The attack took place as the university prepared to host a poetry recital competition to commemorate the death anniversary of Khan Abdul Ghaffar Khan, a popular ethnic Pashtun activist. The mastermind of the APS Peshawar attack, Umar Mansoor, of the banned Tehreek-e-Taliban Pakistan (TTP) Geedar group claimed the responsibility of attack.
According to security officials, evidences proved that attack was planned in Afghanistan and carried out on the instructions of militants hiding there. Pakistan Army Chief Gen Raheel Sharif telephoned Afghanistan President Ashraf Ghani and shared with him details of investigation. He also sought cooperation in locating those responsible for the attack. Law enforcement agencies also carried out search operation in connection with the attack in different parts of Khyber Pakhtunkhwa and made several arrests in this regard. Meanwhile leaders from around the world strongly condemned the attack on students including UN Secretary General Ban Ki-moon, US President and Turkish President
Pakistan shows deep concern over the recent escalation of tension between Saudi Arabia and Iran. To diffuse tension between the two Muslim countries, prime minister and army chief visited both the countries and convinced their leaderships to avoid any confrontation. In his meeting with Saudi King Salman bin Abdulaziz Al-Saud, the prime minister recalled Pakistan’s consistent policy of promoting brotherhood among member states of the Organisation of the Islamic Cooperation. The prime minister also said that Pakistan has always expressed readiness to offer its good offices to brotherly Muslim countries for the resolution of their differences.
After meeting with King Salman bin Abdulaziz of Saudi Arabia, the prime minister and army chief visited Iran where they met Iranian President Hassan Rouhani and exchanged views on the tension between Saudi Arabia and Iran. At the conclusion of his visits, Prime Minister Nawaz Sharif expressed his satisfaction and said he was encouraged by the “positive response” from the leadership of the both the countries.
Prime Minister also said that the Saudi leadership was desirous of having good relations with all countries, including Iran, adding that the Iranian leadership also expressed similar views. He also said Saudi Arabia and Iran do not consider each other enemies and that “there exist some misunderstandings and issues which needed to be resolved through bilateral consultation in a peaceful manner”
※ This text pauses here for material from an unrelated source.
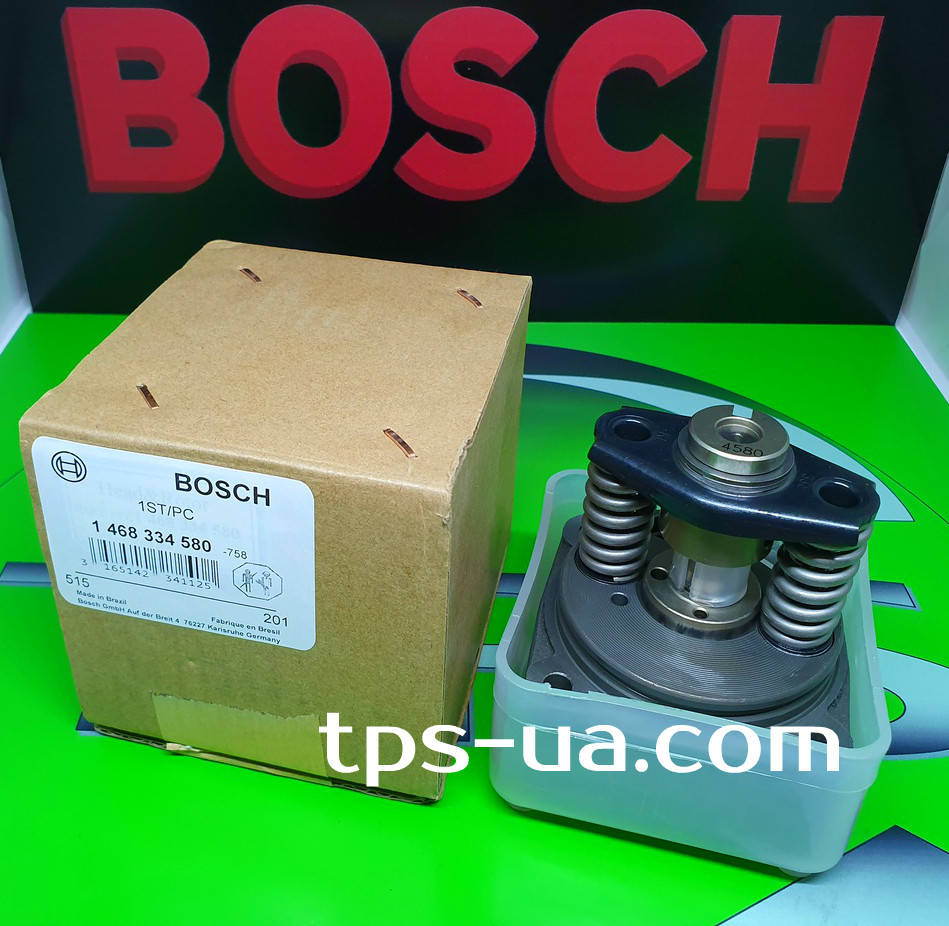 

Плунжерная пара 4/11R VE 1 468 334 580 BOSCH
A second round of peace talks took place in Kabul this week where representatives from Afghanistan, Pakistan, China and the United States gathered and called on the Taliban to resume peace talks with the Afghan government. The leaders met aiming at reduction of violence and establishing peace in Afghanistan and the region. Senior officials from the four countries met at the Presidential Palace amid tight security, a week after a first round of discussions in Islamabad.
In a joint statement released by the Afghan Foreign Ministry, they said the talks “made progress on a roadmap towards initiating peace talks with Taliban groups”. The four-nation group also called on all Taliban groups to enter into early talks with the Afghan government and agreed to meet again in Islamabad on February 6 for third round. Kabul held direct talks with the Taliban for the first time last summer in Islamabad, but that process collapsed after Afghanistan announced that longtime Taliban leader Mullah Mohammad Omar had died more than two years ago in Pakistan.
Meanwhile on the eve of a new round of negotiations, a suicide bomber struck the home of a prominent politician in Jalalabad in the second deadly attack in the eastern Afghan city in less than a week. At least 14 people were killed in the attack. However Taliban denied responsibility for the bombing.